=== Data supplied ===
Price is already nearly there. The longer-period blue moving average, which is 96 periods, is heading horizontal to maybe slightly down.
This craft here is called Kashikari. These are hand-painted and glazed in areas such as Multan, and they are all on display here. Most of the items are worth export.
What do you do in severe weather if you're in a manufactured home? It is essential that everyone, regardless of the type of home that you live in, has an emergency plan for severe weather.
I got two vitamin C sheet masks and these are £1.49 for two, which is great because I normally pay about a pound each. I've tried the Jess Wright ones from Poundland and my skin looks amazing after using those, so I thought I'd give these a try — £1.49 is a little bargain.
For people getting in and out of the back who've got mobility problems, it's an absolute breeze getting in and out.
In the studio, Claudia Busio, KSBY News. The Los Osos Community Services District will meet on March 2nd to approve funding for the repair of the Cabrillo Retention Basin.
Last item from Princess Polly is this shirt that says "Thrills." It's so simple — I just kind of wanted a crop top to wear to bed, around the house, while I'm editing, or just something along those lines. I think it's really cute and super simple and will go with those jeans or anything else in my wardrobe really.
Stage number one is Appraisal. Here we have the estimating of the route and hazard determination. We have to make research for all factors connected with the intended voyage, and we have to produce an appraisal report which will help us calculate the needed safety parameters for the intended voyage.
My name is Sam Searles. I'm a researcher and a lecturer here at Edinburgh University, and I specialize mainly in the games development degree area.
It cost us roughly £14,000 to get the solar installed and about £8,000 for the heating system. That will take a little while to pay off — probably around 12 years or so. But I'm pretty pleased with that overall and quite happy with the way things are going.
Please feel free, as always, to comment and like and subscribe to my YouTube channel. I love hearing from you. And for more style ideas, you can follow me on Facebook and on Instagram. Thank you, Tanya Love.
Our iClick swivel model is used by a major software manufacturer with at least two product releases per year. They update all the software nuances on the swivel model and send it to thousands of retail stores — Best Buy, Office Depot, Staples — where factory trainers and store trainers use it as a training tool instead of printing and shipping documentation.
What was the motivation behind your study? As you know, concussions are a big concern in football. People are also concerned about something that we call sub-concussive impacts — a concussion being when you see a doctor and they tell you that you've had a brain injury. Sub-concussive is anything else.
===
What you give back should be exactly the lines of the data above from the line with "It cost us roughly" through the line with "Our iClick swivel", both of those included, and nothing more.

§ **Result of this task**
It cost us roughly £14,000 to get the solar installed and about £8,000 for the heating system. That will take a little while to pay off — probably around 12 years or so. But I'm pretty pleased with that overall and quite happy with the way things are going.
Please feel free, as always, to comment and like and subscribe to my YouTube channel. I love hearing from you. And for more style ideas, you can follow me on Facebook and on Instagram. Thank you, Tanya Love.
Our iClick swivel model is used by a major software manufacturer with at least two product releases per year. They update all the software nuances on the swivel model and send it to thousands of retail stores — Best Buy, Office Depot, Staples — where factory trainers and store trainers use it as a training tool instead of printing and shipping documentation.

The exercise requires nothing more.